Dear Neighbor: Kim Porter: Sunday school lessons

Published 12:00 am Thursday, November 14, 2024

By Kim Porter

Dear Neighbor,

It is safe for me to say I was not really brought up in a religious home. We were not anti-religious, but we were probably considered on the line. It was a good thing to do if it was Sunday to join others. This meant I went to Sunday school.

I became a Methodist due to economics. You heard me. I was a bit rambunctious and the Presbyterians were getting tired of my antics in Sunday school. Therefore, when the bus fare went up, Mom said that she was not spending 10 cents for the bus to take me to church. She told me I could walk three blocks and thus we became Methodists.

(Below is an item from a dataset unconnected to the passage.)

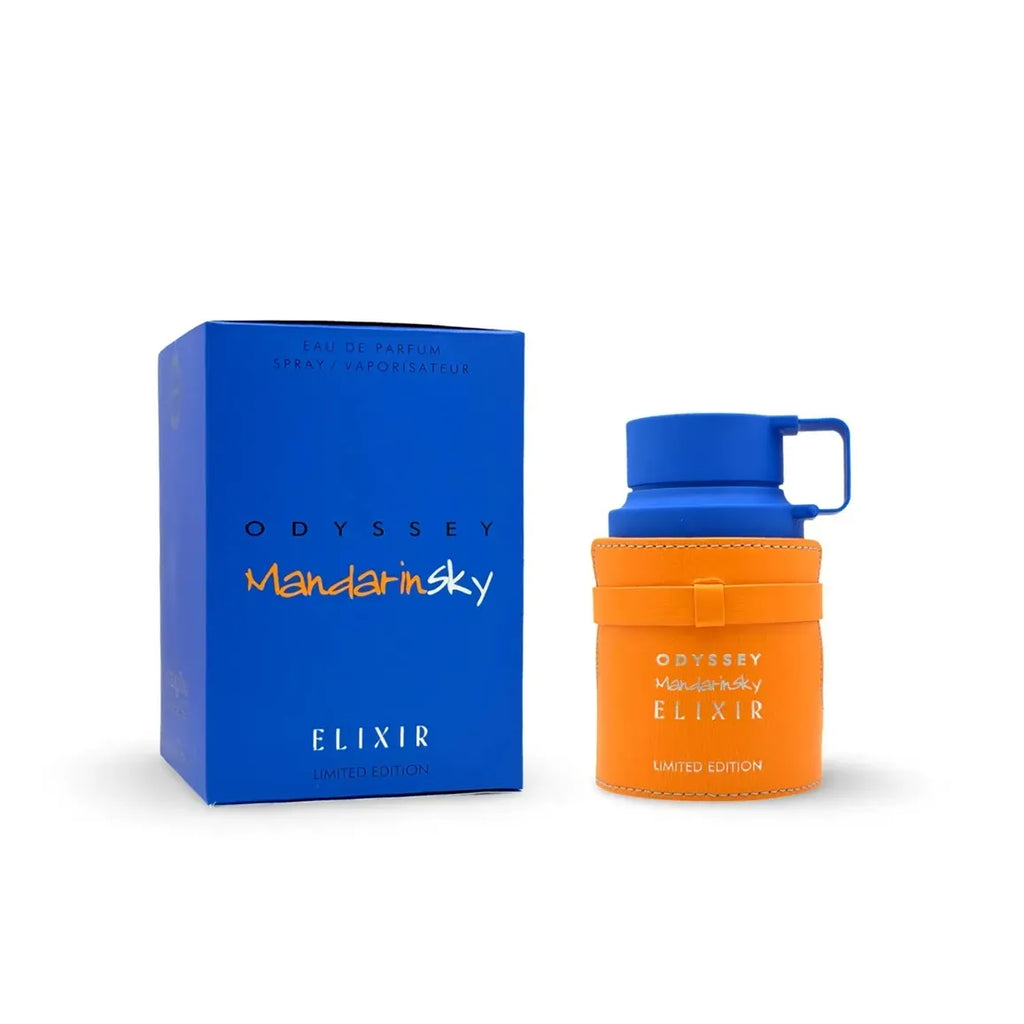 Odyssey Mandarin Sky Elixir Limited Edition – Armaf Eau de Parfum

By rambunctious, I mean that I was a pain for any teacher. I constantly asked questions, didn’t accept many answers, and my favorite word was ‘why?’ Teachers would pull my Mom aside and remind her that I couldn’t stay still, didn’t listen and had this incredible ability to cause chaos. Sunday was always an interesting day for me. But I was taught by good people who used the literature properly and tried their best to teach us all.

For instance, we learned about heaven and hell. As young as I was, I figured I had a long time to address those issues, but the church hammered it home. I certainly knew hell was not for me! But one day my Mom came home from a local community meeting really upset. I tentatively asked her what was wrong. She said, “Kimball (my early days name), I am volunteering to go to hell.” As an eight-year-old, I thought to myself, ‘that is not a wise choice.’ Why Mom? She said, “Those damn Baptists drive me crazy, and I will volunteer for hell if that separates me from them.” My theology was beginning to form.

Around the age of 10 or 11, the Sunday school began to grow, because I had convinced my “gang” (5 of us who got into community trouble) that it could be fun to go to church as a group. We weren’t the quietists, positively involved or good children. We would sit on the front row at church and giggle, talk, laugh and be generally, quite obnoxious.

Finally, the church formed another Sunday school class just for us. A retired Army sergeant was asked to teach the class, partly because he lived next door and we met in his back garden. That was fun for awhile, until I leaned back in my chair, fell on one of his prized bushes, scraped the bark and broke a limb. The five of us learned more cuss words that day than we had ever thought existed. Wow! What a Sunday school lesson.

I began to see what it meant to be Christian.

I learned three words in Sunday school that came up often in my Christian education: omnipresent, omnipotent and omniscience. God is everywhere, with unlimited power and having infinite awareness and power. I remember asking the preacher (years later) if God is all powerful, then, why is there so much destruction (WWII), social injustice (segregation) and the inequality of women (Mom was an early feminist). Sunday school failed to address those inquiries.

When I became a little older, I got in a bit more trouble and the legal system got involved with my life. Because I was a low-level juvenile delinquent, more of a nuisance than a serious problem, the courts allowed me to work with my preacher, assisting him with things like changing the church board. As we worked together, patience, attention and support allowed this early teen to look into the future with a different lens. Fifteen years later, I was being ordained in front of 1,500 Methodists. They called my name out and I stood, turned around and faced the delegates. Five rows back, an older man stood, leaned over with squinted eyes and said loudly, “Oh my God, is that Kimball Porter?” The convention hall roared with laughter. I had survived Sunday school under his caring guidance.

“Dear Neighbor” authors are united in a belief that civility and passion can coexist. We believe curiosity and conversation make us a better community.